#### [Task description]
Below is a set of records. Repeat them verbatim without the pictures.

#### [Captioned web images]

━━━━━━

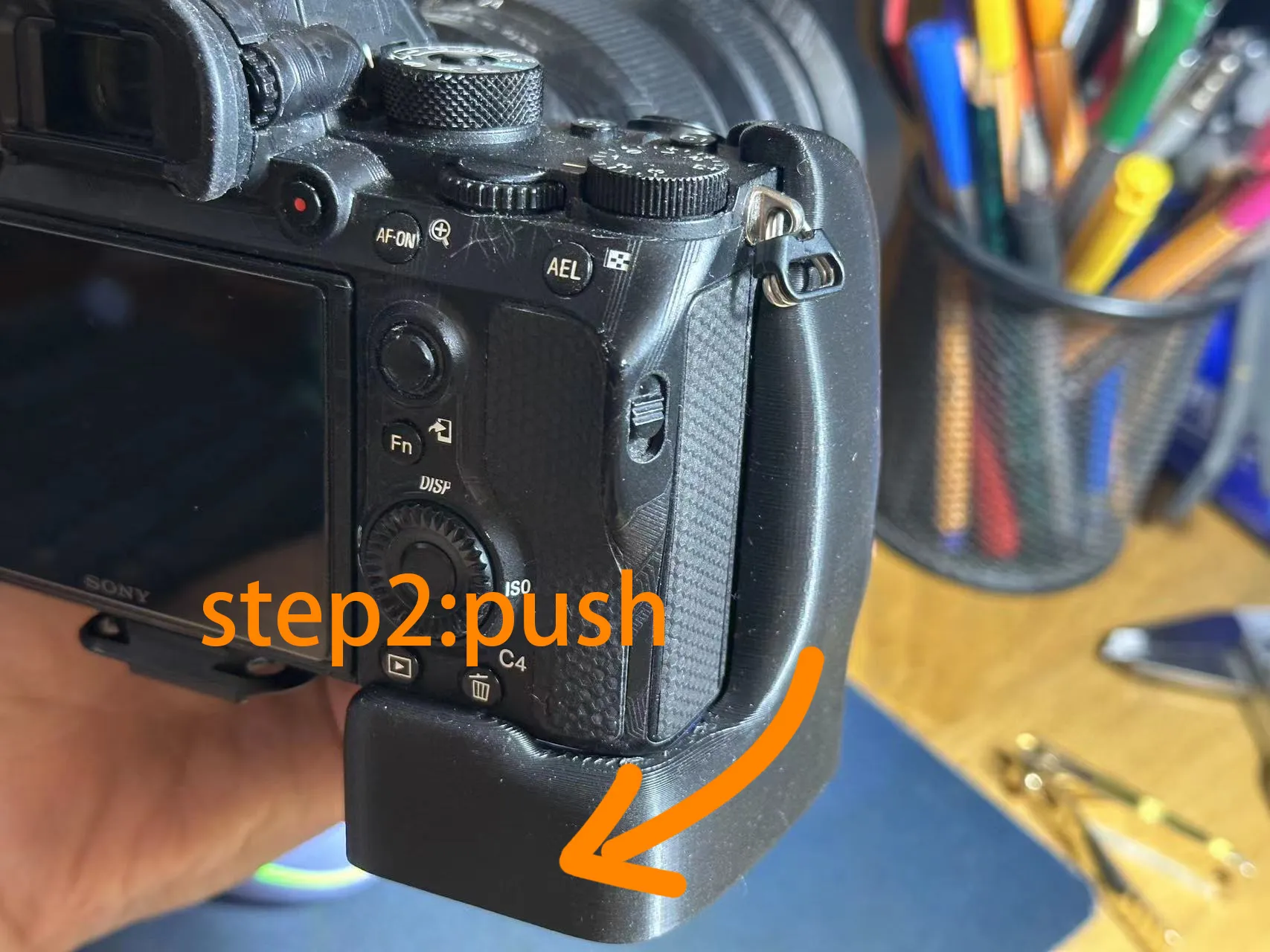 Cán cầm thoải mái cho máy ảnh Sony A7R3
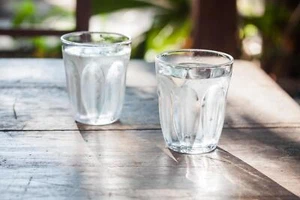 VASO DE AGUA CALIENTE. - Picture 1 of 2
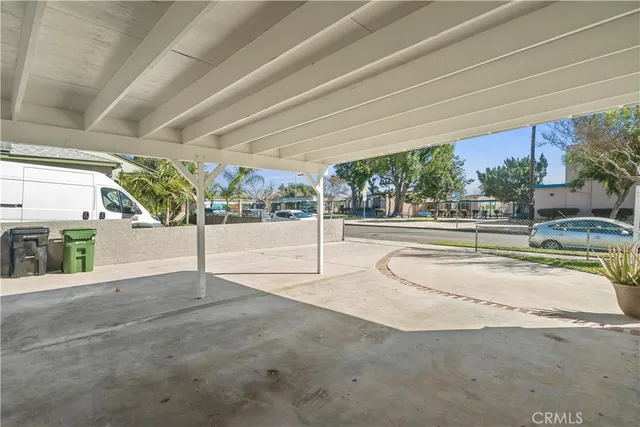 $799,800 | 14519 Dyer Street, Sylmar, CA 91342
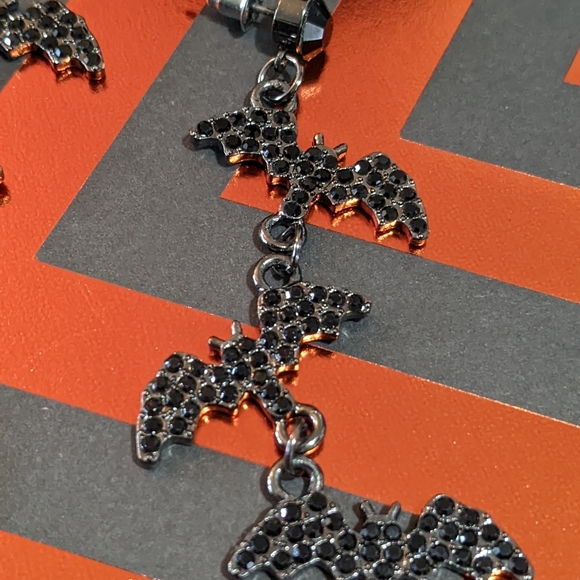 "Bats" dangling bat Earings with matching bat necklace - Picture 3 of 5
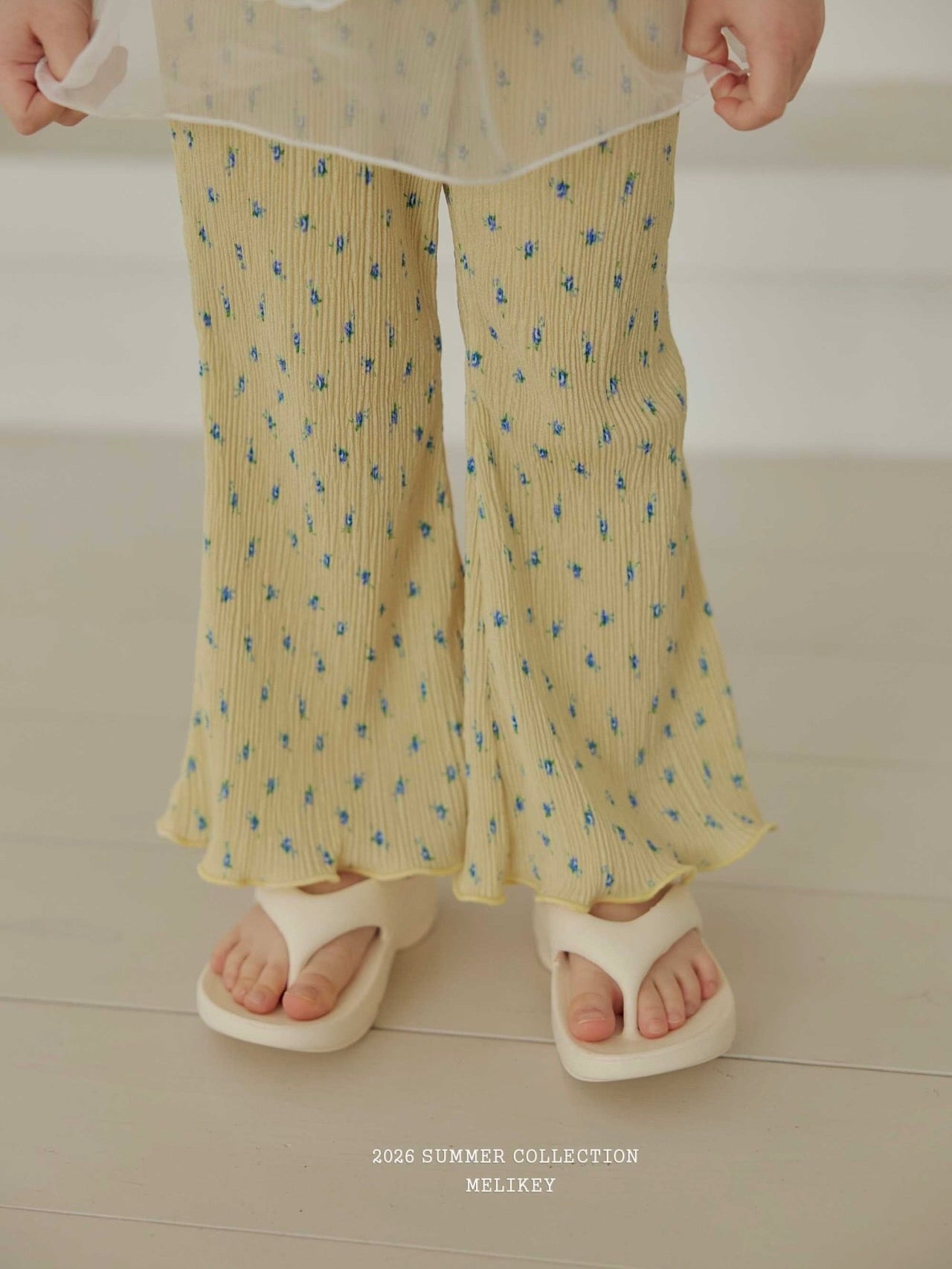 Floral pleated pants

━━━━━━

#### [Reply to the task]
 Cán cầm thoải mái cho máy ảnh Sony A7R3
 VASO DE AGUA CALIENTE. - Picture 1 of 2
 $799,800 | 14519 Dyer Street, Sylmar, CA 91342
 "Bats" dangling bat Earings with matching bat necklace - Picture 3 of 5
 Floral pleated pants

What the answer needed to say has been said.